The Plot:

After a brief courtship on the French Riviera, a naïve young woman (Lily James), who is working as an old biddy’s companion (Ann Dowd) during a European holiday, marries a wealthy widower Maxim de Winter (Armie Hammer). His first wife, Rebecca, who was a great beauty and society scion, drowned a year earlier. They arrive at his grand manor, Manderley, by the sea in England, where the chilly, obsessive housekeeper Mrs. Danvers (Kristin Scott Thomas) is not welcoming. It’s clear Mrs. Danvers resents the inexperienced new Mrs. De Winter, chides her for her lack of sophistication and experience. She constantly lets her know she is inferior in every way to the deceased Rebecca, who is revered as a perfect wife and hostess. That façade will crumble as secrets and lies are revealed.

Lynn’s Take:

This remake of “Rebecca” has a lot to live up to – for one, the 1940 classic is director Alfred Hitchcock’s only film to win the Academy Award for Best Picture. So, it’s in the shadow of the master of macabre. It’s also in the National Film Registry at the Library of Congress.

Secondly, its source material is one of the most beloved books of all time, Dame Daphne du Maurier’s 1938 gothic novel. “Rebecca” remains popular to this day and has never been out of print. I read it as a high school freshman when it was on our summer reading list and have counted it among my favorite reads of all-time.

So, like the dead first wife, the film’s reputation looms large.

By today’s standards, it may just be a glamorous melodrama but its psychological thriller elements are haunting and needed to be developed further. The 'gothic' nature isn't dwelled upon either.

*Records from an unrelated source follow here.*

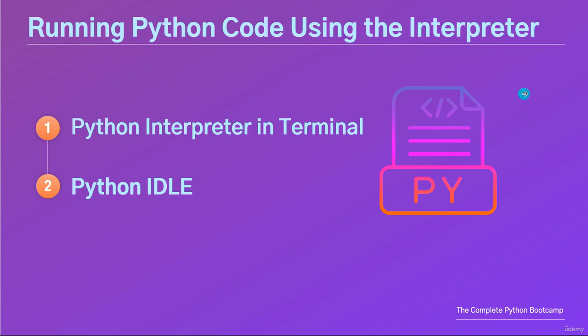Hi and welcome back. In this video, I will show you how to run or execute Python code using the interpreter.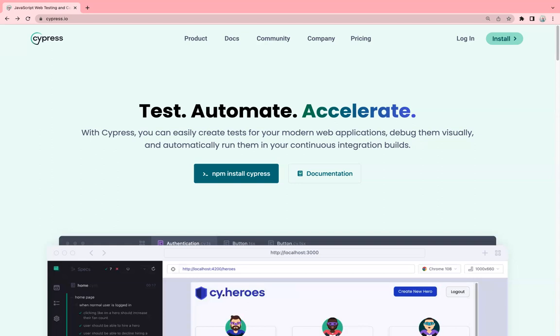Another great feature is real-time reloading, which means every time when you make a change to your test case it will automatically reload and rerun the test case, which will save a lot of time and help you in catching the bugs at early stage.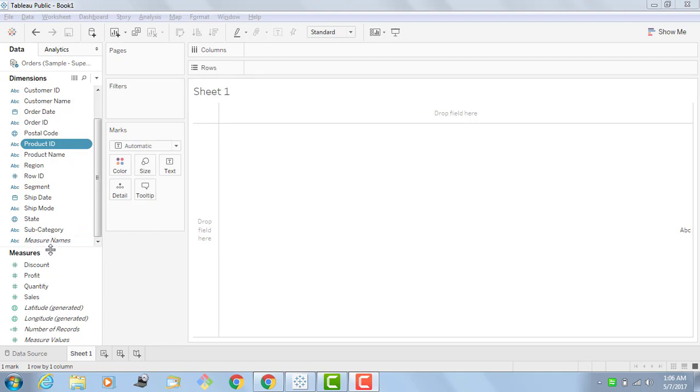Measure names contains names of all your measures and stores it as one dimension which is known as measure names.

That’s why I wish this current take had drawn out more of the eerie, ghostly qualities. It never seems to go far enough – not enough suspense, not enough of the sinister Mrs. Danvers’ infatuation with Rebecca, as she had been her servant since the woman’s childhood, and more needed on the very disturbing qualities of the first Mrs. de Winter, whom we never see but her presence is deeply felt.

The problems lie in the casting, or miscasting, and the wrong choice for directing, Ben Wheatley. His credits include “Free Fire,” a stunningly misguided and violent gangster picture that indicates he wanted to be Guy Ritchie, the freaky “High-Rise,” and an episode of “Doctor Who.” Taking on a Hitchcock film would be daunting, but he can’t decide on his own focus.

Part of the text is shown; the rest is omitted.